Il processo di scrittura della sceneggiatura definitiva fu abbastanza rapido ma tortuoso. I due amici a volte scrivano insieme, altre separatamente a causa dei rispettivi impegni. In quelle circostanze furono i fax, scambiati da ogni dove, a consentire di concludere il tutto in tempi ragionevoli. Successivamente, dopo un paio di giri sulle scrivanie di Hollywood e svariati centinaia di migliaia di dollari guadagnati, la sceneggiatura venne acquistata dalla Miramax dei fratelli Weinstein. Il resto della storia lo conosciamo tutti.
Da quasi trent'anni la pellicola diretta da Gus Van Sant è amata a tutte le latitudini, ma da nessuna parte più che a Boston, città che fa da sfondo alla storia. Boston, ritratta in modo autentico e affettuoso da due giovani che hanno vissuto la loro infanzia e adolescenza tra le sue strade e i suoi meravigliosi parchi pubblici.
Come si è visto, il processo di scrittura che ha portato due semisconosciuti ragazzi di Boston a vincere al primo tentativo un Oscar per la migliore sceneggiatura, ha avuto un percorso intermittente, particolare e articolato. Nella versione definitiva della storia, l'unica scena sopravvissuta appartenente al primo scritto partorito da un giovanissimo Matt Damon, è quella che descrive il primo incontro tra Will e lo psicologo Sean Maguire interpretato da Robin Williams.

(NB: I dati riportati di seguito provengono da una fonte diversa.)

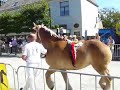 Mora van de Wijzend, opgenomen in stamboek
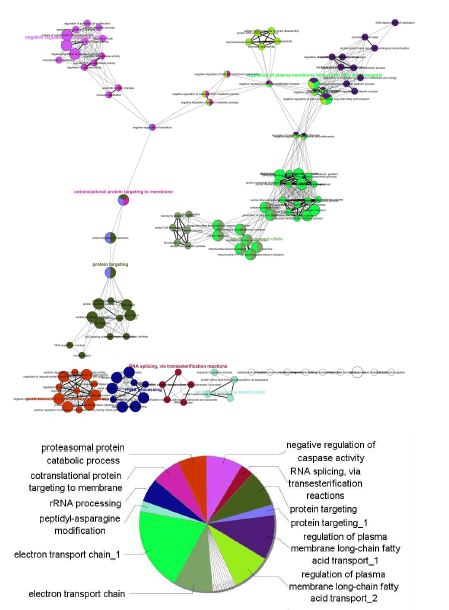 그림 3-10 PAH 그룹에서 Co-regulated Gene Ontology Biological Porcess분석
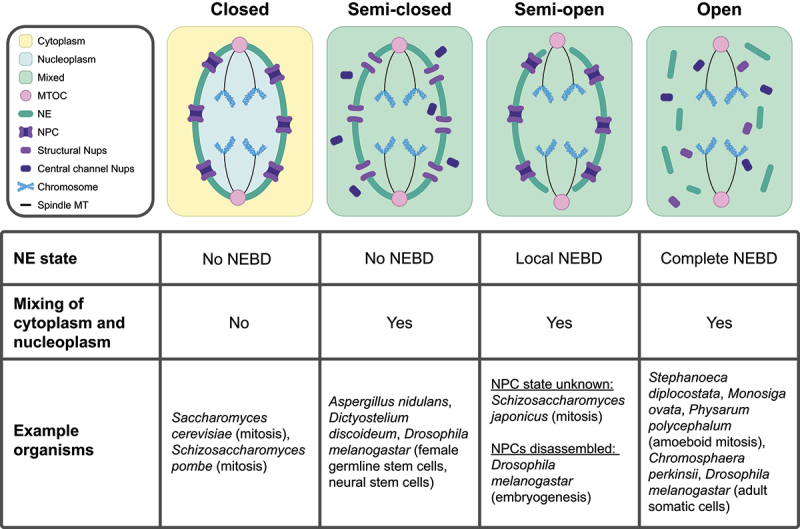 Illustrations of cells demonstrating the different types of nuclear division. Closed divisions and semi-closed divisions have continuous (intact) NEs, whereas semi-open divisions have local NEBD, and open division have complete NEBD. Closed divisions keep cytoplasm and nucleoplasm from mixing, whereas semi-closed, semi-open, and open divisions mix their cytoplasm and nucleoplasm.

A quel memorabile momento, appartiene un frammento di dialogo tra Will e Sean che amo alla follia, uno scambio che ha influenzato enormemente i miei successivi percorsi di lettura.
Will: Quelli come lei mi fanno impazzire. Spendete tutti i vostri soldi su questi libri del cazzo strani di cui vi circondate, e sono quelli sbagliati.
Sean: E quali sono i libri del cazzo giusti?
Will: Quelli che ti fanno rizzare i capelli.
Ero molto giovane quando ascoltai per la prima volta queste parole. A quei tempi, la lettura cominciava ad appassionarmi parecchio ma, l'ho capito solo dopo, ero completamente sprovvisto di una bussola.
Leggevo spesso a caso. Leggevo ciò che trovavo tra gli scaffali di casa. Leggevo ciò che era piaciuto a tante altre persone. Leggevo i libri che vendevano di più. Piano piano, anche grazie alle parole immaginate da un ragazzo di Boston, mi dotai di una bussola.
Il suo ago iniziò sempre più ad orientarmi verso la ricerca di pagine capaci di sorprendermi, arricchirmi, farmi incazzare, farmi emozionare, farmi riflettere, farmi "rizzare i capelli".